Nel caso di specie, l’Amministrazione finanziaria è l’ultimo dei miei problemi: la locazione con canoni differenti è perfino prevista nella casella CASI PARTICOLARI del quadro A (codice 1) del modello di registrazione RLI (che tra una settimana esatta cambierà volto, presentando un nuovo quadro, il quadro E, appositamente dedicato alla locazione con canoni differenti per una o più annualità) e in questo caso – ulteriore dato che rafforza le mie convinzioni - nella casella TIPOLOGIA DI CONTRATTO io posso indicare sia il codice L1
(Locazione abitativa a canone libero) sia il codice L2
(Locazione abitativa agevolata in Comune ad alta tensione abitativa): la presenza del codice 2 – se mi avvalgo del canale telematico - non comporta alcun
warning di incongruità, né tantomeno lo scarto in fase di accettazione e di controllo del file.

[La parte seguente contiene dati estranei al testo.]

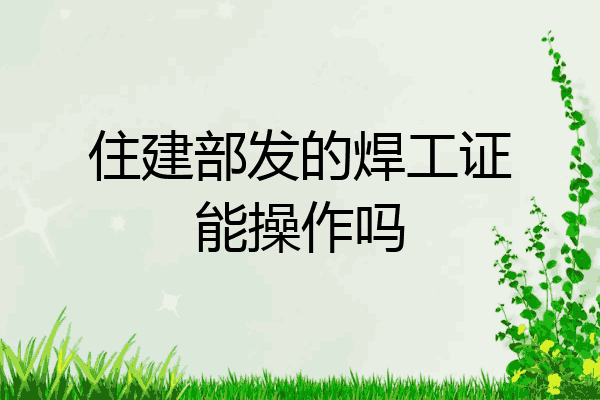 住建部发的焊工证能操作吗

A me non preoccupa l’Agenzia delle Entrate, preoccupano molto di più le associazioni dei proprietari e degli inquilini che in futuro (nuovo accordo che si basasse sul nuovo decreto ministeriale 2017) potrebbero contestarmi la convenzione locativa concordata che io gli sottopongo, ma al momento a Napoli nessuno mi impone di passare da loro a fare vidimare il contratto.
Quasi dimenticavo. All’ultima domanda, la risposta è affermativa: lasci spirare il tuo vecchio contratto oppure lo risolvi consensualmente con il tuo inquilino, poi ne stipuli un altro libero a nuove condizioni.